貝塚が示す「大昔の海岸線」水害から身を守るヒント出典:国土地理院(地図を加工して作成)

 これを見ると葛飾区、江戸川区、江東区、墨田区あたりに海抜ゼロメートル地帯が広がっていることがわかります。江戸川区や江東区の「江」とは「入り江」のことであり、葛飾区の「しか」は低い土地を意味しています(諸説あります)。

 墨田区は隅田川の左岸に位置しており、同河川との関係性が深い区であり、低湿地に位置しています。そのため、北十間川や横十間川、大横川、竪川といった河川は、かつては水運の役割を果たしていました。まさしく墨田区は「水郷」でした。これらの地名は低地ならではものといえます。

 明治時代になると、墨田区は水陸交通の結節点としての「地の利」を活かして工業地域として発展しました。墨田区鐘ヶ淵で創業したことに由来する紡績会社は「鐘紡(カネボウ)」を社名とし、他にも花王やアサヒビール、セイコーの工場などが立地しました。
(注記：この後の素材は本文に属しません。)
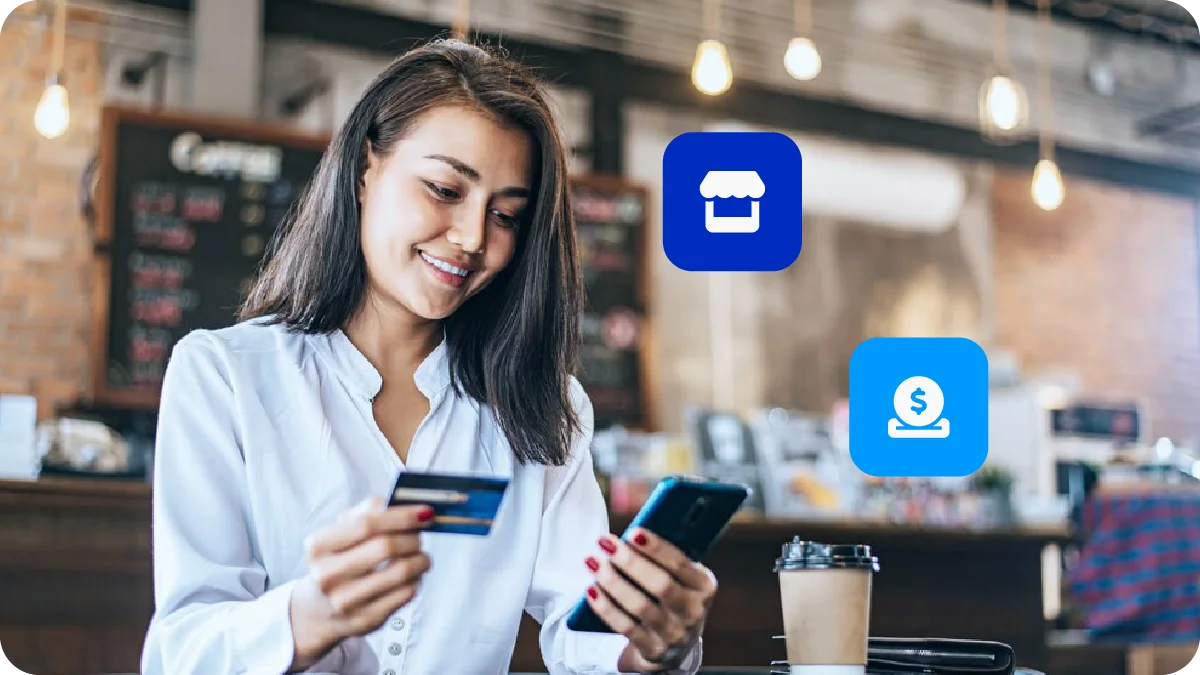 Mulher sorri segurando cartão, representando, como ter uma estrutura completa de banking.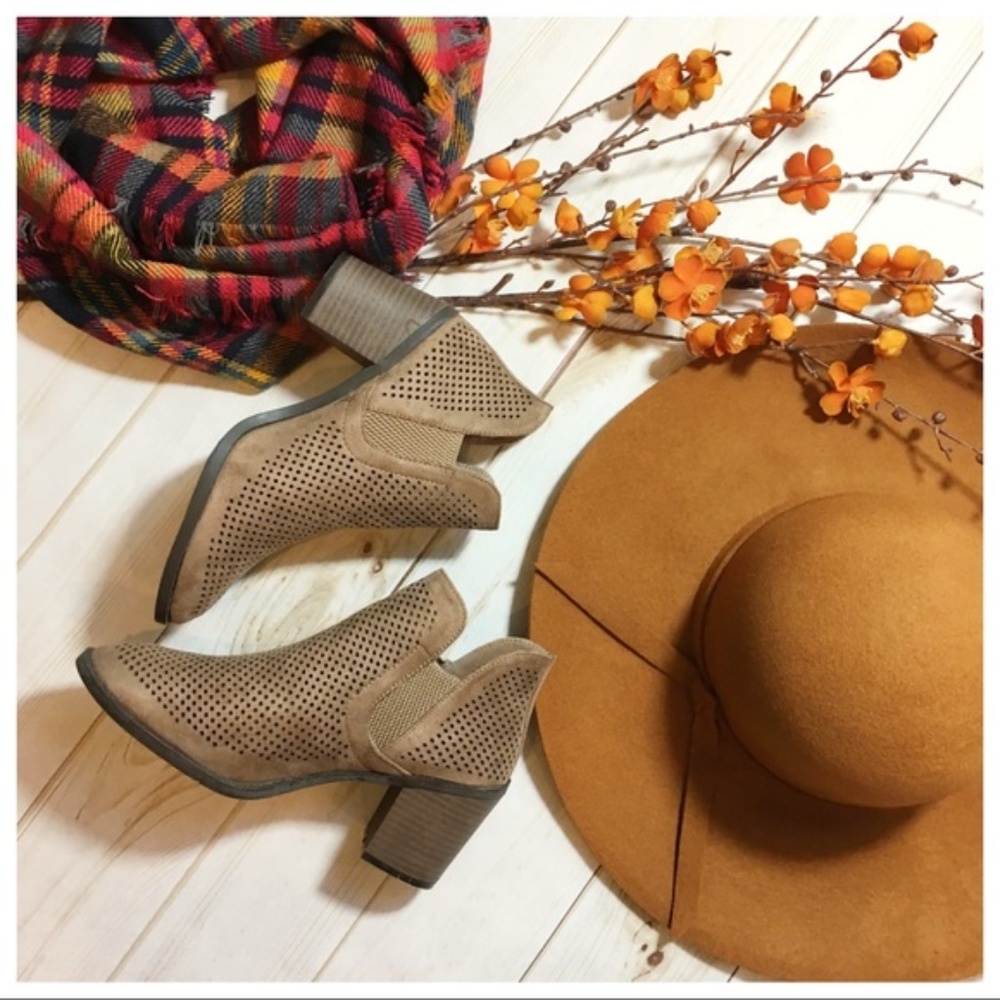 ❤️ Taupe Perforated Booties - Picture 2 of 2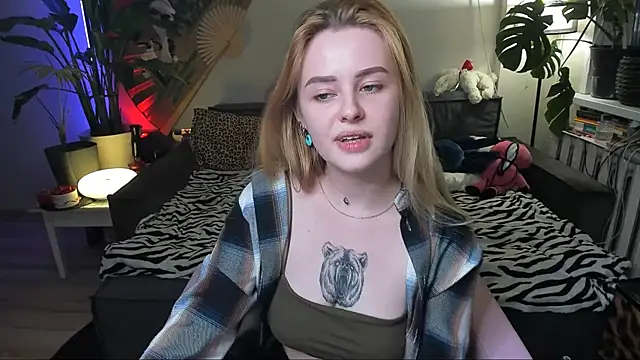 Alexa_Pirs 라이브 XXX 채팅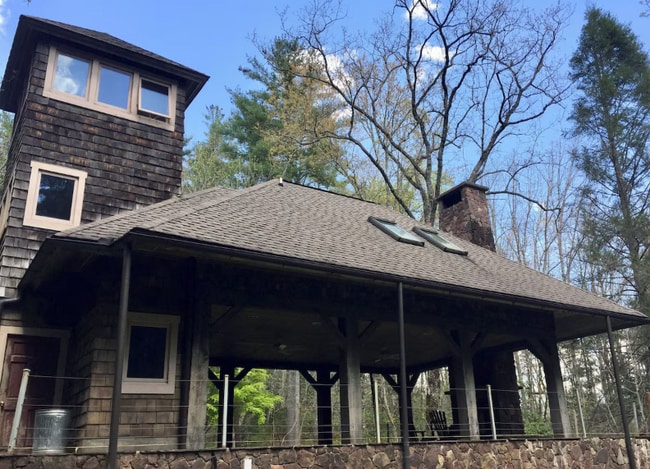 Foto del edificio - 51 Eastman Mountain Rd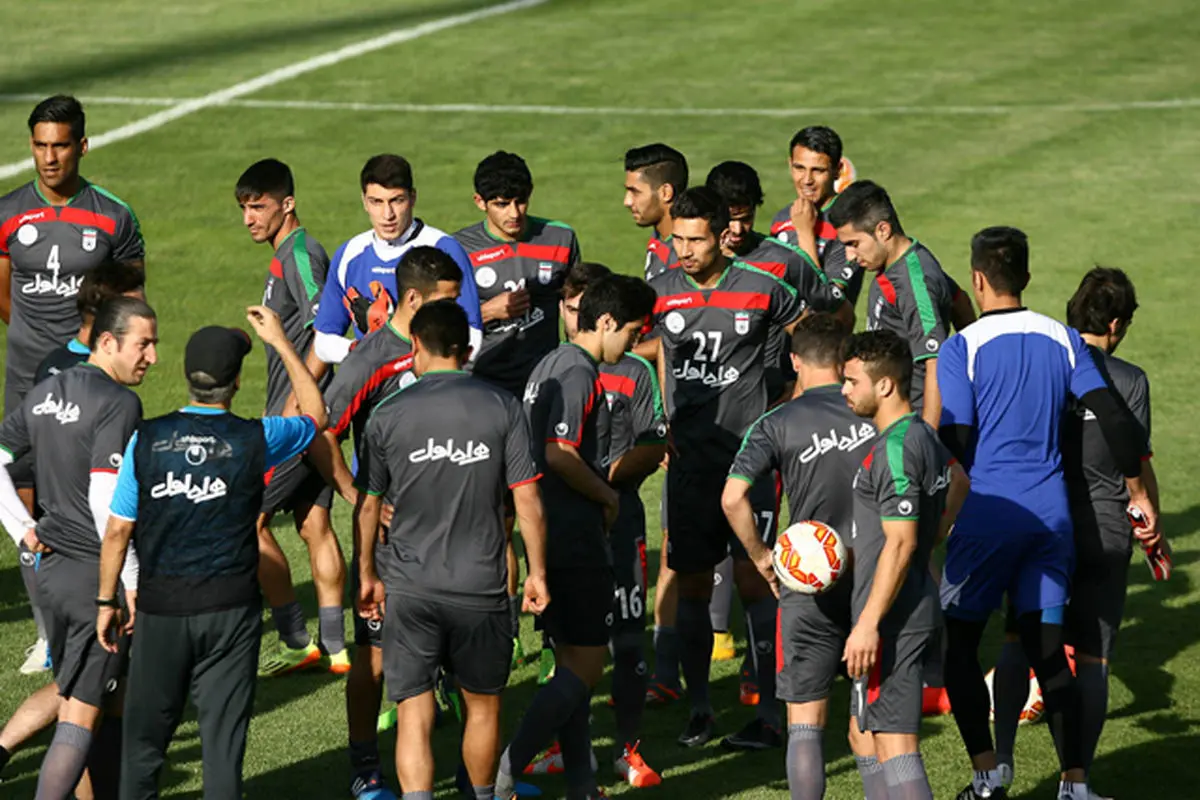 تیم ملی فوتبال به سمت "داش‌آغوز" پرواز کرد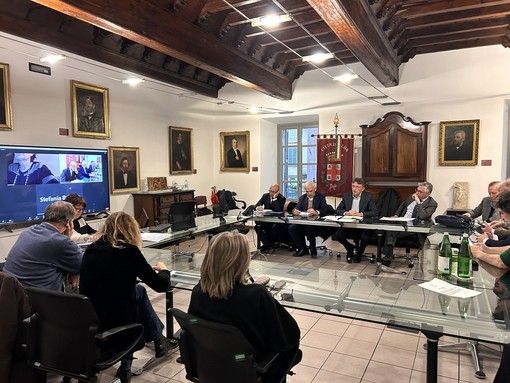 Un momento della commissione tenuta ieri in municipio ad Alba Un momento della commissione tenuta ieri in municipio ad Alba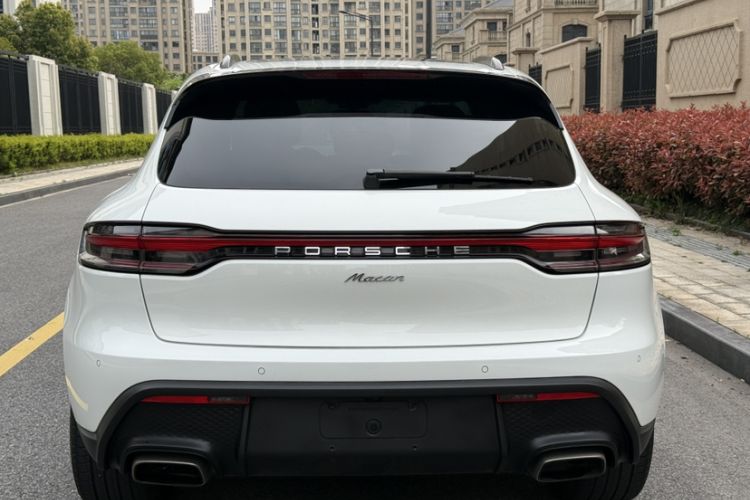 Used Porsche Macan 2024 Macan 2.0T Exterior 4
 地名はわれわれに色々なことを教えてくれます。そして、地図を使って手軽に情報を入手することができます。地理院地図を使えば、工夫次第で過去の様子をうかがうこともできるかもしれません。そして、住居をどこに構えるかを決める手がかりにもなります。それは自らの命を繋ぐことでもあるのです。

 近年、自然災害が激甚化していると言われることがありますが、日本列島では太古の昔から台風や大雨などは発生していました。もちろん、そこに人が居なければただの気象現象にしかすぎません。つまり、災害が激甚化しやすい場所へと人が誘われているといっても過言ではありません。実際に、水害の多くはハザードマップで示された場所で発生しています。

 まずは「自分の命は自分で守る」といった、防災の意識を強くもつことが大事です。決して他人事ではありません。教育現場では防災教育の充実を図っていく必要があります。

 地名は色々なことを教えてくれます。そしてそれを記した地図を活用し、防災に役立てることもまた、我々にとって必要なことなのです。